Wohl and Burkman allegedly made 1,141 unlawful robocalls to wireless phones without prior express consent in violation of the Telephone Consumer Protection Act. This is the largest TCPA robocall fine ever proposed by the FCC.
The robocalls were made on Aug. 26 and Sept. 14, 2020.
The calls received by Detroiters claimed personal information of residents who vote by mail will become part of an unspecified “public database,” as the Advance previously reported. They falsely claimed this would allow law enforcement officials to track down old warrants and credit card companies to collect outstanding debts.
They also claimed the Centers for Disease Control and Prevention (CDC) will use personal information to track people for mandatory vaccines — an unfounded notion that has picked up steam in COVID-19 vaccine conspiracy theory circles. The calls ended by telling voters to “beware” of voting by mail.
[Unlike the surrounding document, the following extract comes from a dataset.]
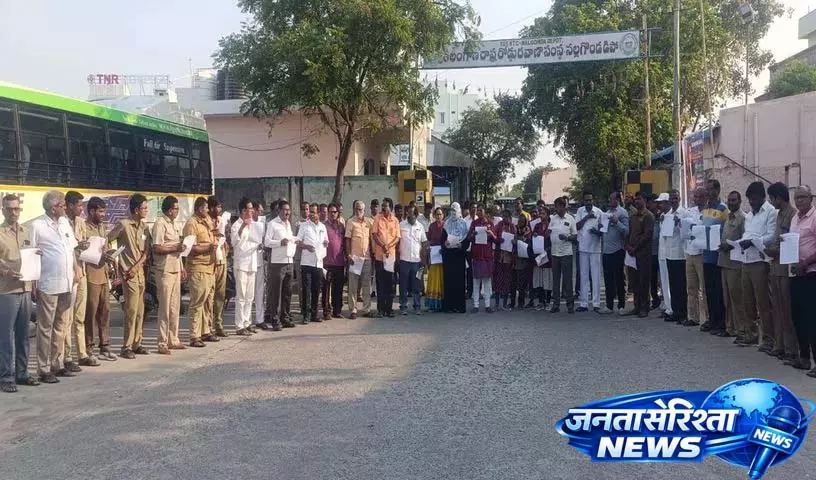 RTC JAC ने कांग्रेस पर सेवा को कमजोर करने का आरोप लगाया, हड़ताल की योजना बनाई RTC JAC ने कांग्रेस पर सेवा को कमजोर करने का आरोप लगाया, हड़ताल की योजना बनाई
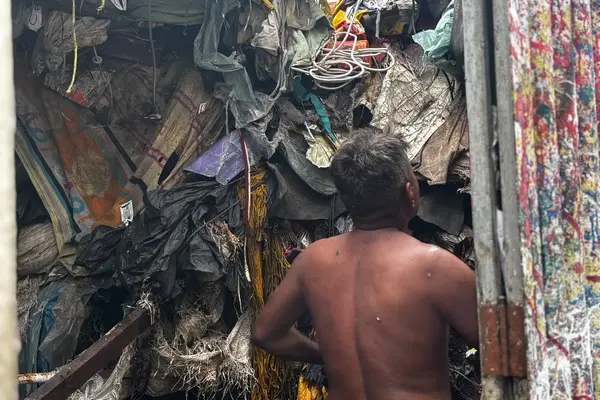 Após acordo com morador, lixo acumulado até o teto é retirado de casa em Teresina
The FCC’s Enforcement Bureau investigation found that the calls in this case were apparently prerecorded and made to consumers’ wireless phones without the required prior consent. Subject to narrow exceptions, the TCPA prohibits making prerecorded voice calls to wireless phones without the consent of those receiving the calls – regardless of the content of the calls.
The Enforcement Bureau worked with the Ohio Attorney General’s Office to identify two dialing service providers that provided subpoena responses confirming the robocall campaigns and identifying the clients who had hired them for this service. The bureau used the subpoenaed call records and recordings of the calls to determine that the calls apparently went to wireless phones and the message was prerecorded. The consumers who agreed to speak with the bureau about the calls confirmed they had not provided prior consent to the callers.
The subpoenas also produced email exchanges between the dialing service vendors and Wohl and Burkman about the call campaigns – including choosing which ZIP codes to target and “the tape we want to go out.”
The calls themselves identified Wohl and Burkman by name and used Burkman’s wireless phone number as the caller ID. Wohl and Burkman also both admitted under oath to their involvement in the creation and distribution of the robocalls. Burkman stated in the U.S. District Court for the Southern District of New York, “That is our call, yes, yes” with confirmation from Wohl.